There's a quote from The Office where Michael Scott says he's an early bird and a night owl, so he's wise and has worms. 

That's basically how June works for teachers. 

You're simultaneously wrapping up the year, grading final projects, sitting through vendor demos and trying to remember if you submitted that one form. You're wise. You definitely have worms. 

These three reads from 2026 were our most-read playbooks—and each one is more useful right now, in the chaos, than it will be in August when you're sunburned and optimistic and have forgotten everything about this year's kids.

Here’s what’s on the dashboard this week: 

  • Today’s Deep Dive: Read these before your brain logs off.

  • Reading Rainbow: AI parents, teen sleep and big goodbyes.

  • From Our Desk: Mason City, platform updates and CTE series.

  • Watch of the Week: Cursed island. Coward mayor. Great TV.

Your end-of-year assigned reading.

Here's what we know: The end of the year is when teachers have the most information about their students and the least time to use it. Which is a cruel little design flaw, honestly. So we pulled our three most-read playbooks from the Spring semester.

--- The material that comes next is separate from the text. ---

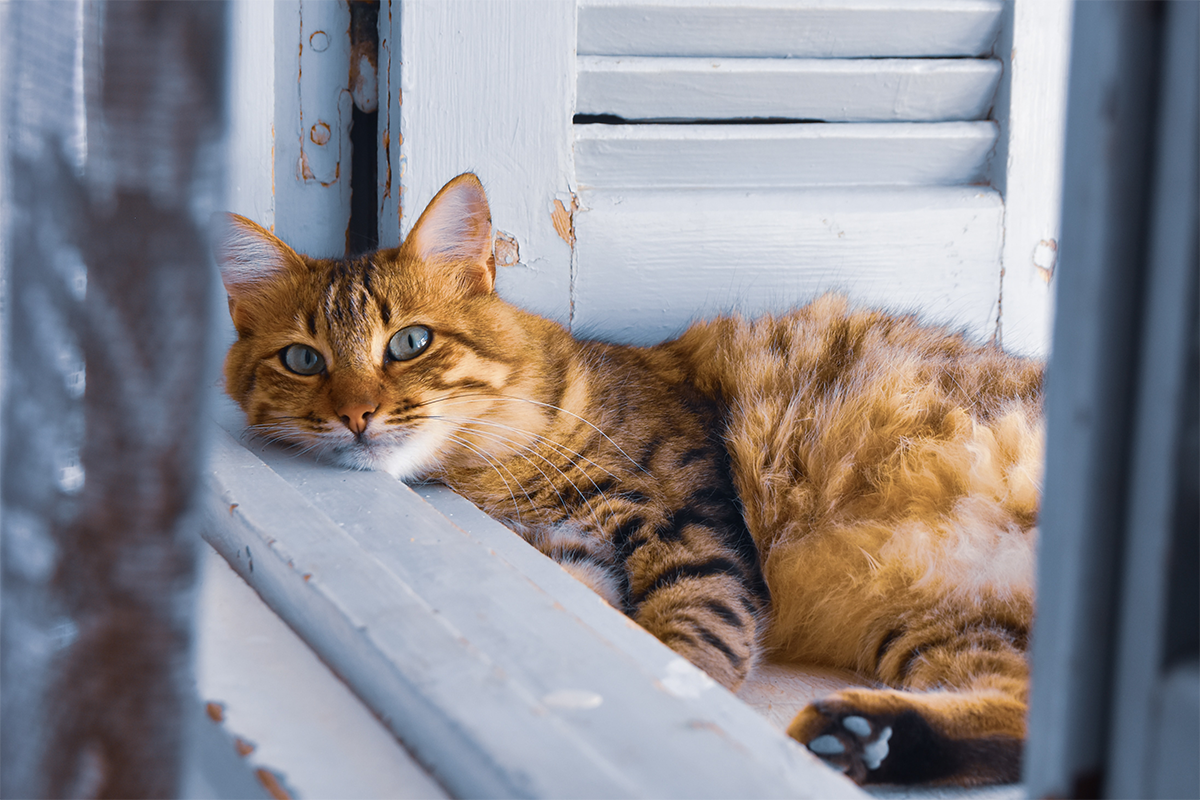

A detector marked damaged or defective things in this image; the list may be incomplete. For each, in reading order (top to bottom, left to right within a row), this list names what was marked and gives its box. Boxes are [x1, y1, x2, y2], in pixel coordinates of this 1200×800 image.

We promise we wouldn’t add these to your to-do list if there wasn’t at least one winning move you can steal before summer break officially starts for you.

  • A public school visual arts teacher (ages 13–19) at Foothill High has nearly half her students with 504s or IEPs. Her five-category rubric covers everything from craftsmanship to progress, and students score themselves before a one-on-one conversation. Her observation is that kids almost always lowball themselves, and it’s on teachers to help them find their true worth.

    Final project season starts in days. Even just adding the self-assessment piece is worth the experiment.


  • Match Your Art Methods to How Students Actually Learn
    Lindsey Sherrard (10+ years in K–12 visual arts, now at Subject) makes the case for matching students with materials that actually fit how their brains and hands work. Some kids hate drawing because pencils are too small for their motor skills—hand them clay and everything changes. You know which students those are right now. In August you won't. 

    One final project with student-chosen mediums is a low-stakes way to see the difference.


  • Most EdTech Companies Don't Know Their Students. Here's How to Finally Connect.
    Amanda Goodson, co-founder of Edlink, has a simple rule for evaluating the EdTech vendor pitches flooding your inbox right now: Boring + Paid beats Sexy + Praised every time. The flashy product with a great demo isn’t always the one teachers actually use. She built Edlink entirely on cold outreach—no warm network or inside tracks—which means she had to earn the sale. She knows exactly which tools districts should keep and which ones will gather dust.

    End-of-year budget season means vendor pitches are coming. This is your cheat sheet to shopping smarter.

You've got maybe fifteen school days left and a brain full of intel about your students that will fully evaporate by Labor Day. Thankfully, none of these playbooks require a permission slip, a budget request or a summer reading list. 

Just a willingness to try one thing before the year ends with students whose names you actually know how to pronounce. That's the whole assignment.

  • When Your Best Teacher Peaces Out: Three principals share hard-won advice on handling a star teacher's departure—from honoring their exit on their terms to reframing a vacancy as a chance to shake things up. Basically the professional development version of "how to survive a breakup with dignity."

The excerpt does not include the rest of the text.